This is comedy:
A chain of cycling fitness centers is suing the former Giants running back for $1 million, charging that he’s stiff-arming their demands he return stock in the company after he got sacked over his scandalous extra-marital romps with a 23-year-old woman.
Tricera Revolution, which operates Flywheel Sports in Manhattan and Sag Harbor, claims the jock-turned-broadcaster’s value as a face for the company was “rendered worthless overnight” with the revelation in April that he ditched his pregnant wife for a former intern at NBC.
“The reaction among the company’s clientele to Barber’s affair has been overwhelmingly negative, especially amongst the business’s core clientele, 25-55 year-old women, many of them married with children,” the suit says.

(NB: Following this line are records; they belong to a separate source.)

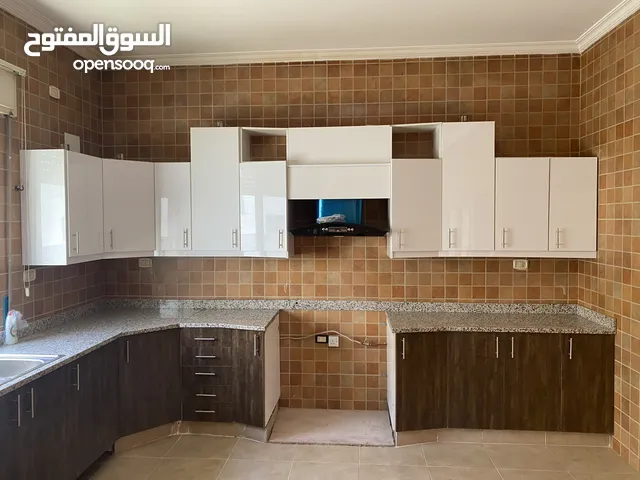 275 m2 4 Bedrooms Apartments for Rent in Amman Deir Ghbar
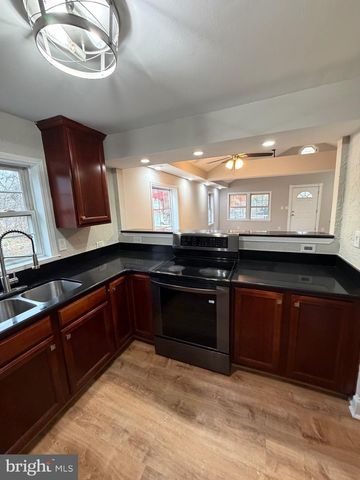 8823 MAPLE AVE, Bowie, MD 20720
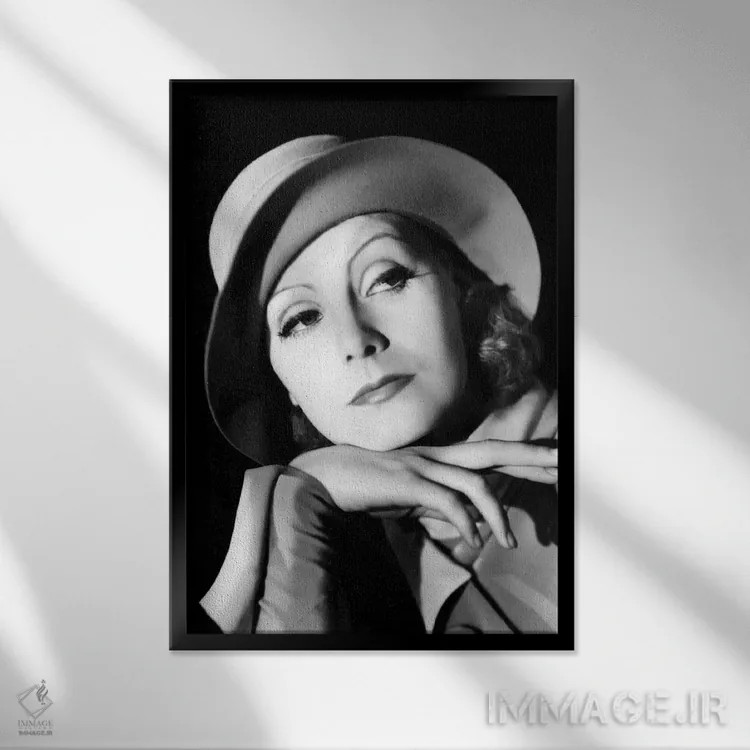 تابلو گرتا گاربو در سال ۱۹۳۲ اثر رو دز آرشیو (آرشیو خیابان) - نمای قابدار مشکی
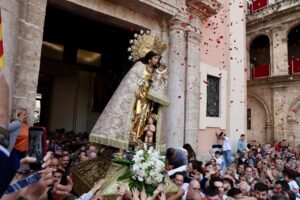 Traslado de la Virgen de los Desamparados 2026 20 Mediana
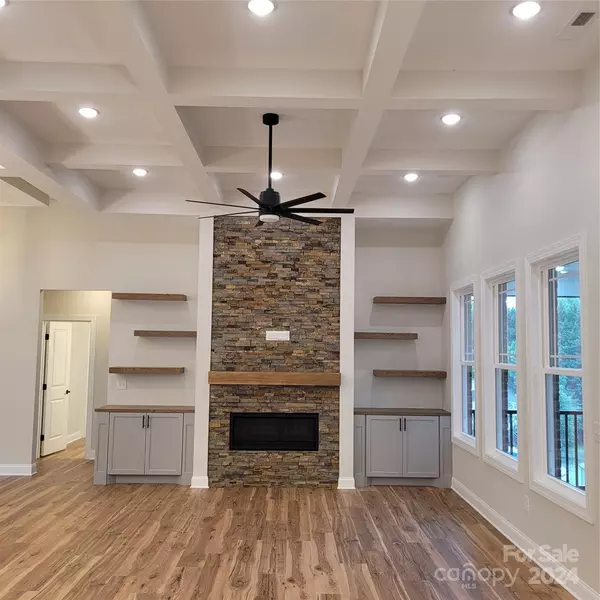 Hickory, NC 28601,4748 1st ST NW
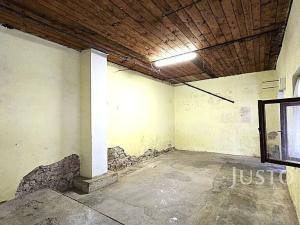 Pronájem skladu, Písek, třída Národní svobody, 34 m2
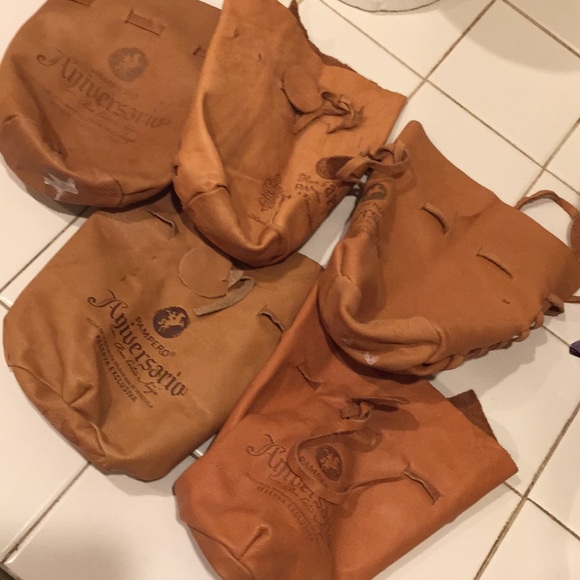 Ron Anejo Aniversario Pampero Imported Rum - Picture 2 of 8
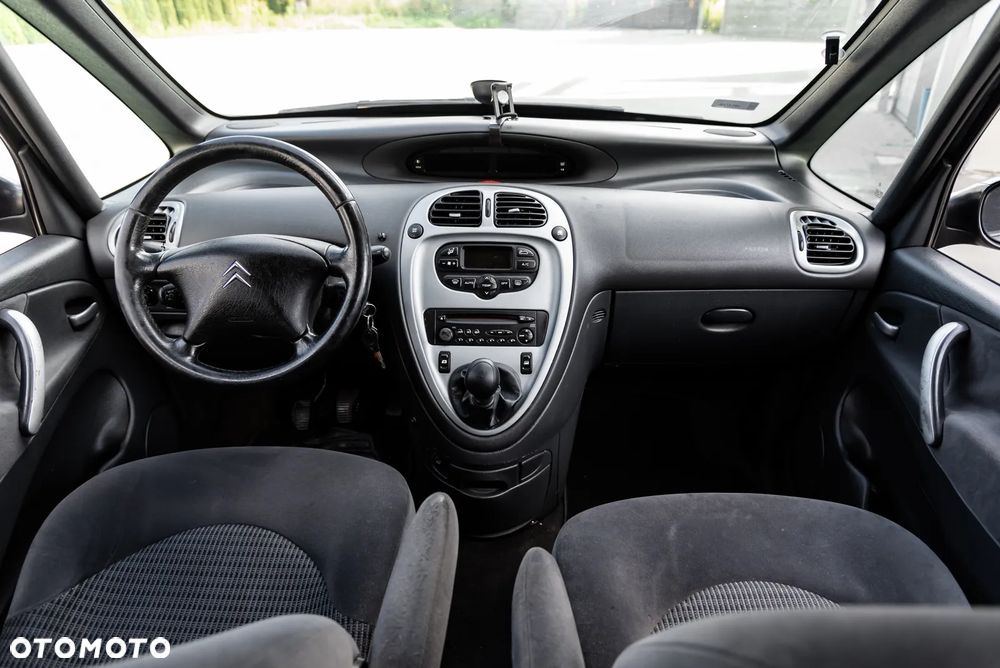 Citroën Xsara 1.6i Prestige Plus - 23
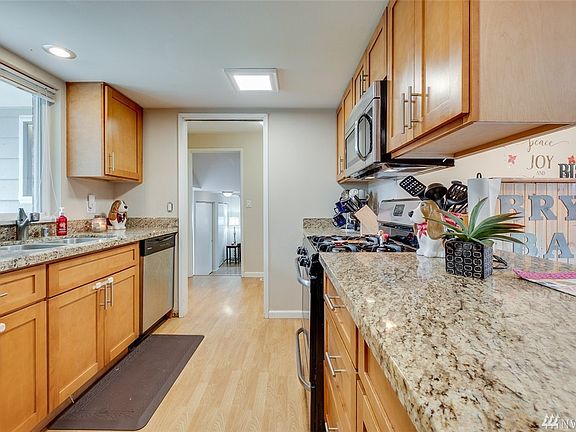 3rd image of 2344 S Flower Ave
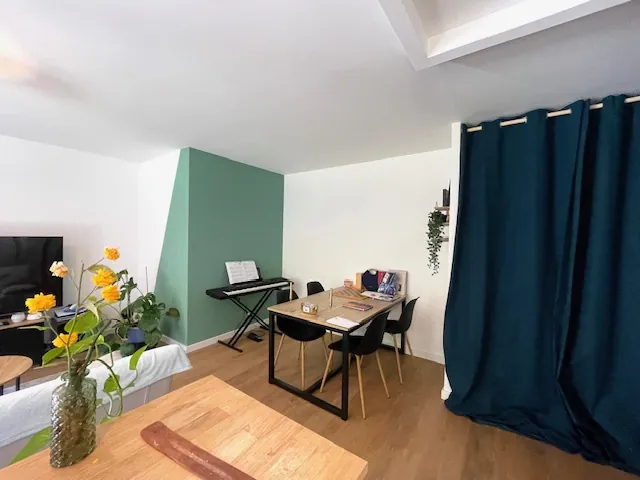 Appartement T2 lumineux de 44 m² à Toulouse Rangueil avec balcon et parking sécurisé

“Numerous customers have made statements to the company’s representatives condemning Barber and questioning the company’s dealings and continued involvement with him.”
Flywheel honcho David Seldin last year offered Barber a spokesman’s gig and stock in the company, the suit says, because the former Giants great and Ginny Barber were a “happily married, celebrity couple who were known to attend indoor cycling classes together.” “Barber said that Flywheel Sports sounded like something he would want to be involved with and that he and his wife would be very helpful in attracting the targeted market demographic,” says the suit filed in Manhattan Supreme Court.
According to the suit, Barber told his prospective business partner that his wife “loves to spin” and that she would frequently attend classes with him.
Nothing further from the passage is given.